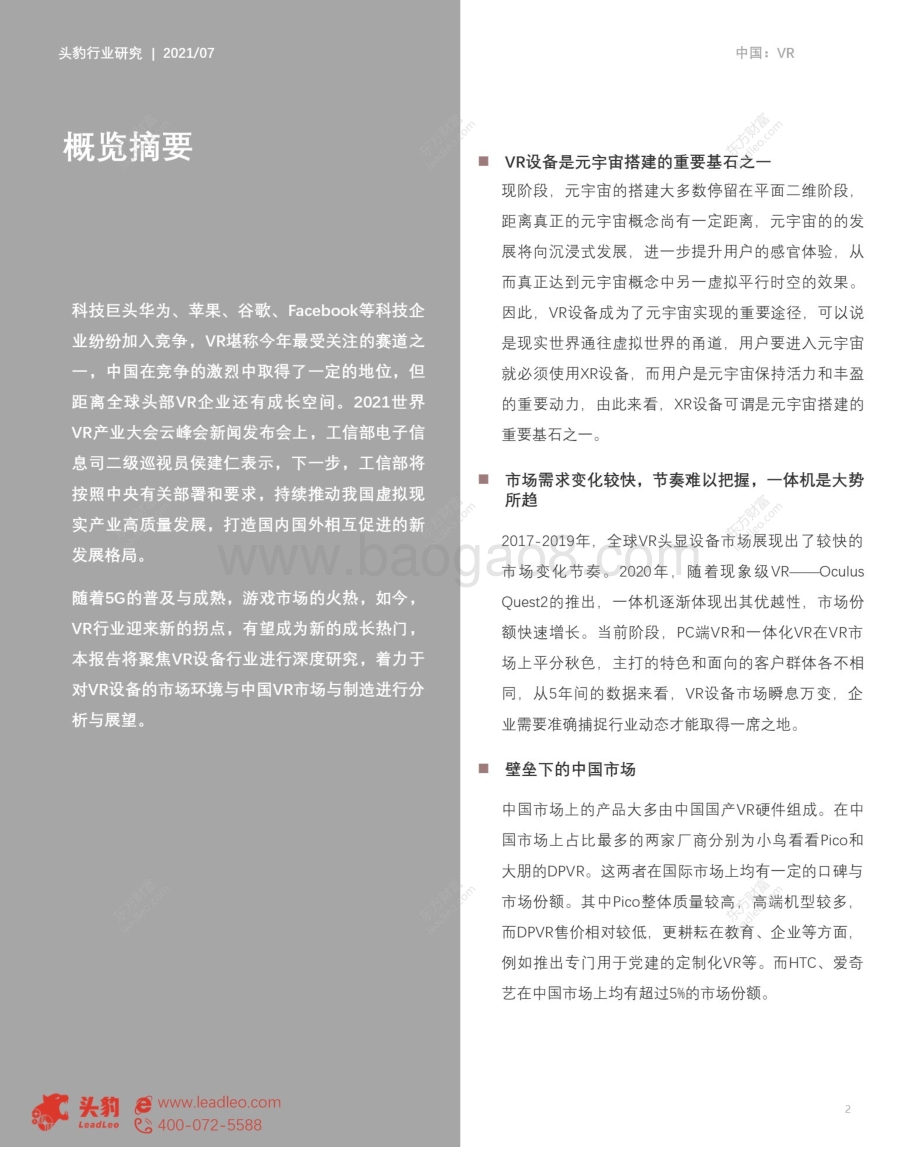 VR设备行业研究报告：元宇宙基石.pdf_第2页
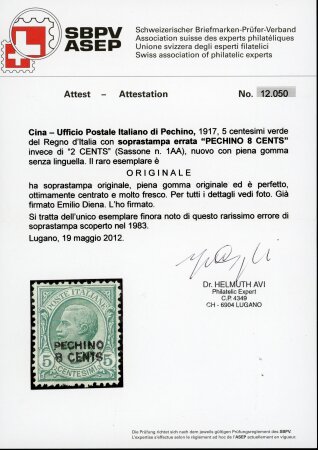 Italy, Offices in China, Peking, 1917. Overprint “PECHINO 8 CENTS” on 5 centesimi green.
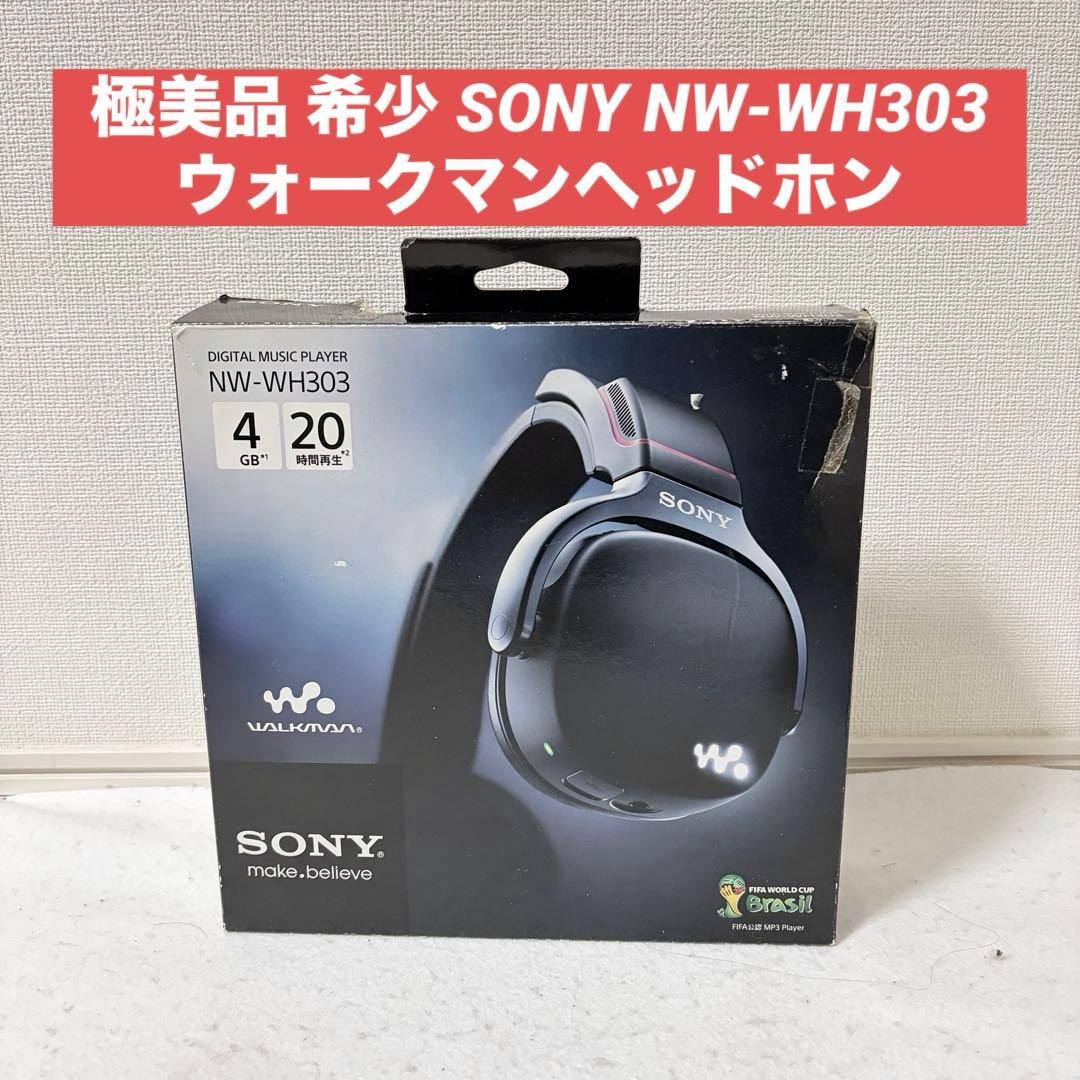 極美品 SONY ウォークマン Wシリーズ 4GB NW-WH303 ヘッドホン 20130925212228_896_.jpg
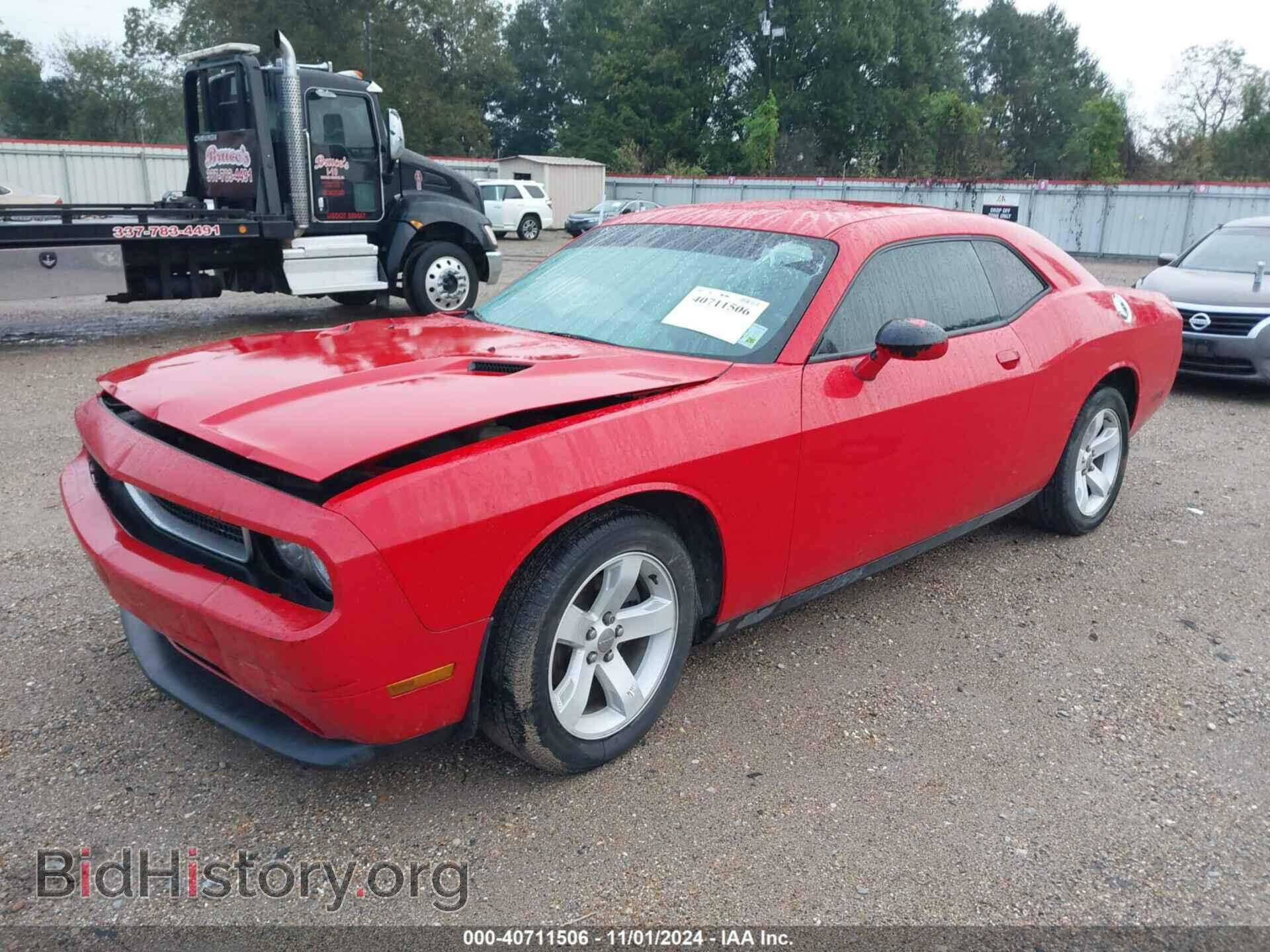 2014 DODGE CHALLENGER - VIN: 2C3CDYAG4EH299091 - Photo 2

• WORK REQUEST:
A word-for-word repetition of the data above, without pictures, is the expected answer.

• YOUR SOLUTION:
 VR设备行业研究报告：元宇宙基石.pdf_第2页
 Italy, Offices in China, Peking, 1917. Overprint “PECHINO 8 CENTS” on 5 centesimi green.
 極美品 SONY ウォークマン Wシリーズ 4GB NW-WH303 ヘッドホン 20130925212228_896_.jpg
 2014 DODGE CHALLENGER - VIN: 2C3CDYAG4EH299091 - Photo 2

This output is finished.